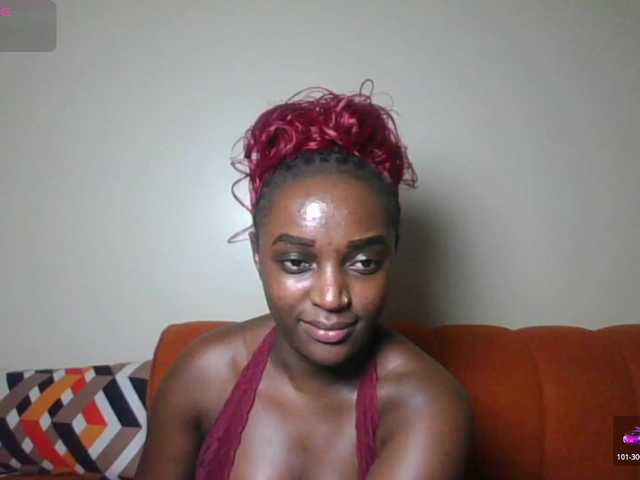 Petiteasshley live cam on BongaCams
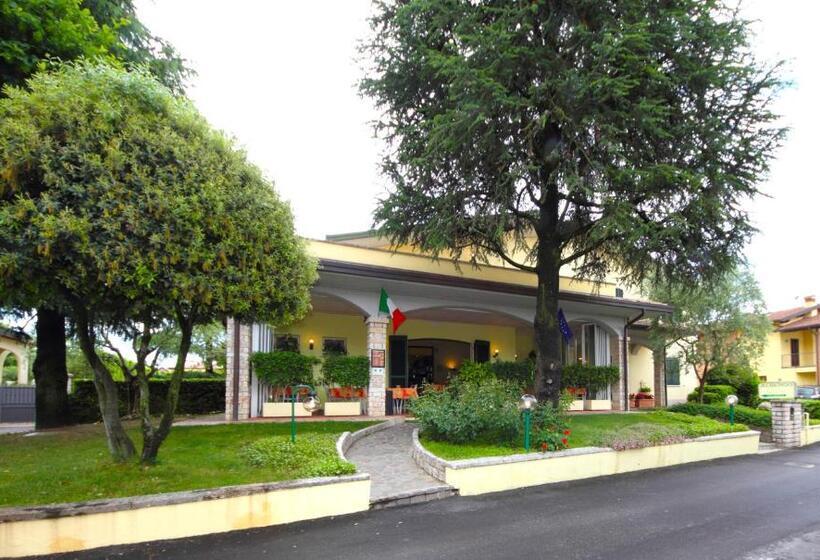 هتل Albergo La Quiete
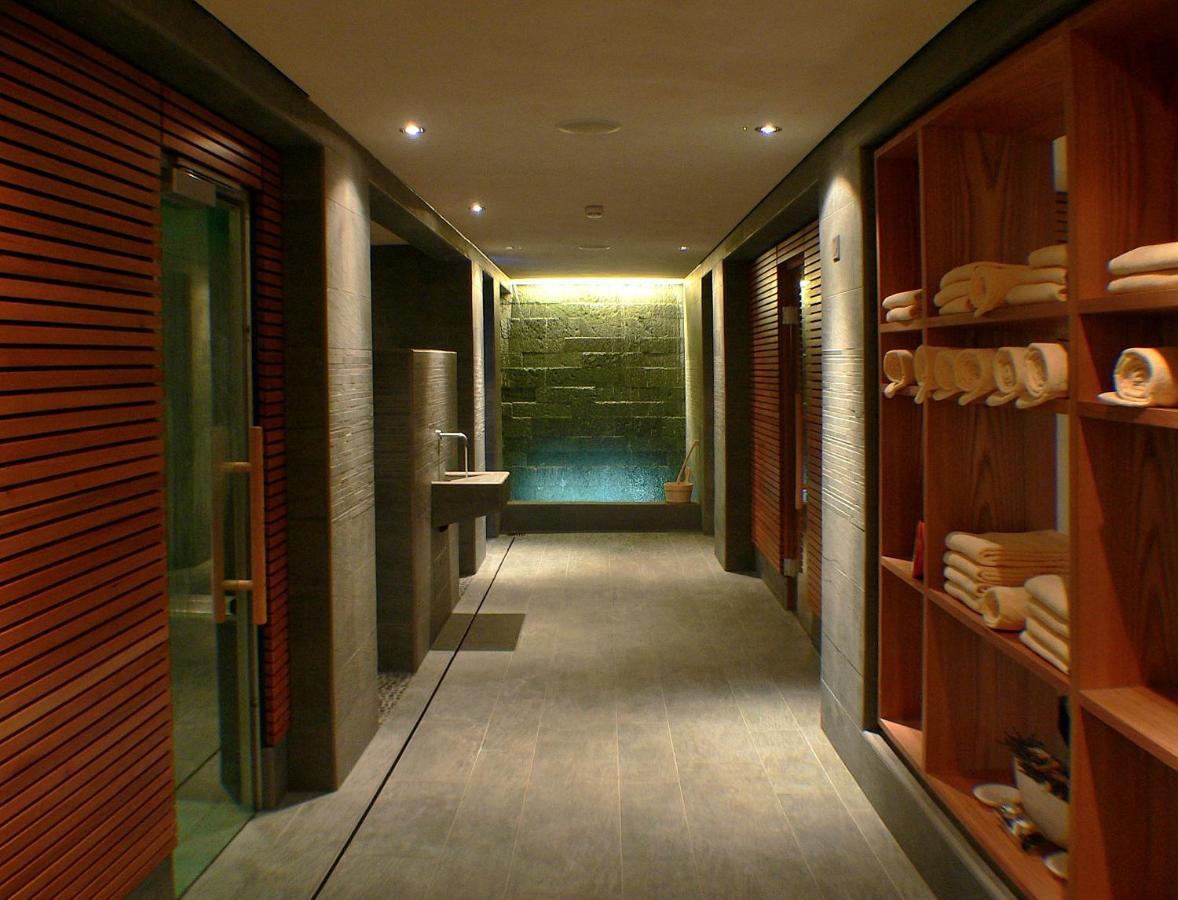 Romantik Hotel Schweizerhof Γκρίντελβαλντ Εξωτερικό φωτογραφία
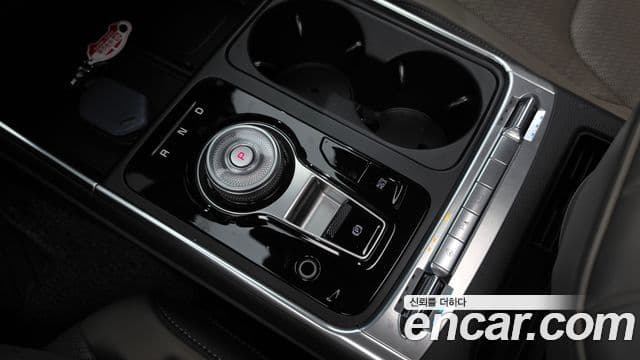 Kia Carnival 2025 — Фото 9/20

■ ■ ■

**TASK PROMPT:** Transcribe each line of the material above verbatim, but do not include the images.

**SOLUTION FOR THIS EXERCISE:**
 Petiteasshley live cam on BongaCams
 هتل Albergo La Quiete
 Romantik Hotel Schweizerhof Γκρίντελβαλντ Εξωτερικό φωτογραφία
 Kia Carnival 2025 — Фото 9/20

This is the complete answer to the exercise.